We convert `diff_gene` to Entrez IDs. Note some genes may be lost
due to the conversion.
```{r}
library(GSEAtraining)
diff_gene = convert_to_entrez_id(diff_gene)
head(diff_gene)
length(diff_gene)
```
Next we perform ORA on different gene set sources.
## GO enrichment
```{r, message = FALSE}
library(org.Hs.eg.db)
tb = enrichGO(gene = diff_gene, ont = "BP", OrgDb = org.Hs.eg.db)
head(tb)
```
## KEGG enrichment
```{r, message = FALSE}
tb = enrichKEGG(gene = diff_gene, organism = "hsa")
head(tb)
```
## Reactome enrichment
```{r}
library(ReactomePA)
tb = enrichPathway(gene = diff_gene, organism = "human")
head(tb)
```
## DO enrichment
```{r}
library(DOSE)
tb = enrichDO(gene = diff_gene)
head(tb)
```
## MSigDB enrichment
There is no built-in function specific for MSigDB gene sets, but there is a universal function `enricher()` which accepts
manually-specified gene sets. The gene sets object is simply a two-column data frame:
- the first column is the gene set ID
- the second column is the gene ID
```{r}
library(msigdbr)
gene_sets = msigdbr(category = "H")
map = gene_sets[, c("gs_name", "entrez_gene")]
head(map)
tb = enricher(gene = diff_gene, TERM2GENE = map)
head(tb)
```
## Setting background
Note, in **clusterProfiler**, the background is intersect(all genes in the gene sets, user's background genes).
```{r}
bg_gene = convert_to_entrez_id(bg_gene)
bg_gene = sample(bg_gene, 10000)
tb = enrichGO(gene = diff_gene, ont = "BP", OrgDb = org.Hs.eg.db, universe = bg_gene)
head(tb)
```
<style>
blockquote {
padding: 10px 20px;
margin: 0 0 20px;
font-size: 14px;
background: #eee;
border-left: 6px #CCCCCC solid;
}
</style>
> **Warning:** It seems when setting `universe`, the input gene list `diff_gene` is not intersected to `universe`
> in the analysis.
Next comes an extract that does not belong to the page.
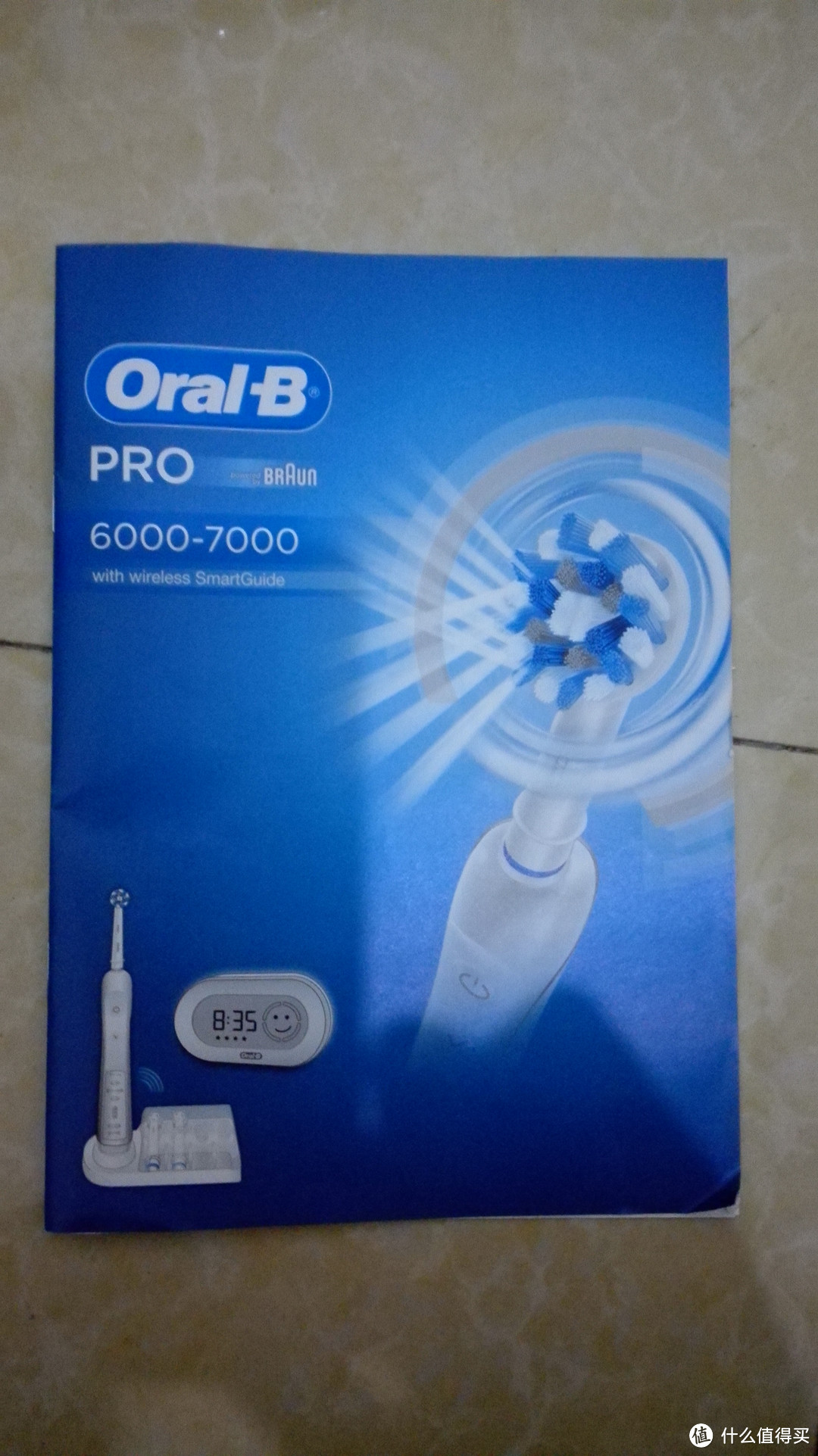 # 618看我的# 我的电动牙刷选购之旅：PHILIPS 飞利浦 Sonicare HX9111/21 & Oral-B 欧乐B 6000 电动牙刷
You can check the values in `GeneRatio` which is 777 for all DE genes, and this number is the same
> as when `universe` is not manually set. So be careful with this "improper" behaviour.
We can compare ORA with different backgrounds:
```{r}
tb1 = enrichGO(gene = diff_gene, ont = "BP", OrgDb = org.Hs.eg.db)
tb2 = enrichGO(gene = diff_gene, ont = "BP", OrgDb = org.Hs.eg.db, universe = bg_gene)
tb1 = tb1@result
tb2 = tb2@result
cn = intersect(tb1$ID, tb2$ID)
plot(tb1[cn, "pvalue"], tb2[cn, "pvalue"], log = "xy",
xlim = c(1e-25, 1), ylim = c(1e-25, 1),
xlab = "default background", ylab = "self-defined background")
```
Or overlap between the significant GO terms:
```{r}
library(eulerr)
plot(euler(list("default_background" = tb1$ID[tb1$p.adjust < 0.05],
"bg_gene" = tb2$ID[tb2$p.adjust < 0.05])),
quantities = TRUE)
```
## Example for other organism
1. GO enrichment
`enrichGO()` accepts an `OrgDb` object as the source of the GO gene sets.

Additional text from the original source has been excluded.